Stigma dan persekusi terhadap LGBT

Di perkotaan, kelompok LGBT lebih terbuka dan diterima karena pendidikan masyarakat sudah tinggi.

Dalam lingkup terkecil, seperti keluarga, kaum LGBT menjadi minoritas dan terstigma. /Pixabay.com

Derajad mengatakan, kelompok LGBT bisa leluasa berkumpul di ruang publik lantaran warga kota sudah menyadari kedudukan, hak, dan kewajibannya. Namun, penerimaan untuk kelompok LGBT itu, menurut Derajad, baru terjadi dalam konteks perkotaan saja.

“Di perkotaan, kelompok LGBT lebih terbuka dan diterima karena pendidikan masyarakat sudah tinggi. Gaya hidup yang individual juga memungkinkan interaksi LGBT makin terbuka,” kata Derajad saat dihubungi, Selasa (29/1).

Oleh karena itu, Derajad mendorong agar desa atau kota yang sedang berkembang, tak lagi memarginalkan warganya. Termasuk kelompok LGBT.
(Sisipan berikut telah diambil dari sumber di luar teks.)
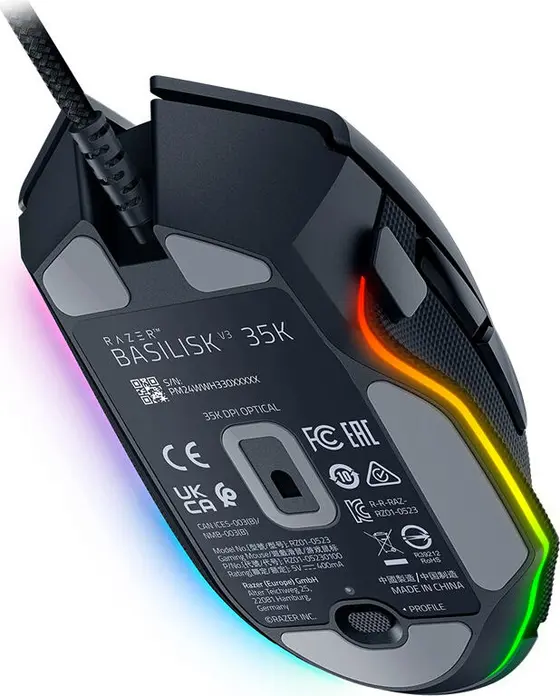 Razer Basilisk V3 35K Gaming Mouse RZ01-0523 Focus Pro 35K Optical Sensor 35000 DPI HyperScroll Tilt Wheel 11 Programmable Buttons Chroma RGB Black
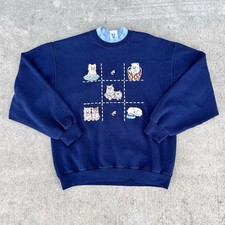 Vintage 90s Embroidered Cat Kittens Sweatshirt Womens Small 19x23 Grannycore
Faktanya, kata dia, ada nilai dan norma sosial yang kerap menghambat pemenuhan hak kelompok-kelompok minoritas.

Sementara itu, Ketua Federasi Arus Pelangi Ryan Korbarri mengatakan, masih banyak sentimen negatif yang dilekatkan publik kepada kaum LGBT. Bahkan, dalam lingkup kecil keluarga, mereka menghadapi banyak risiko penolakan.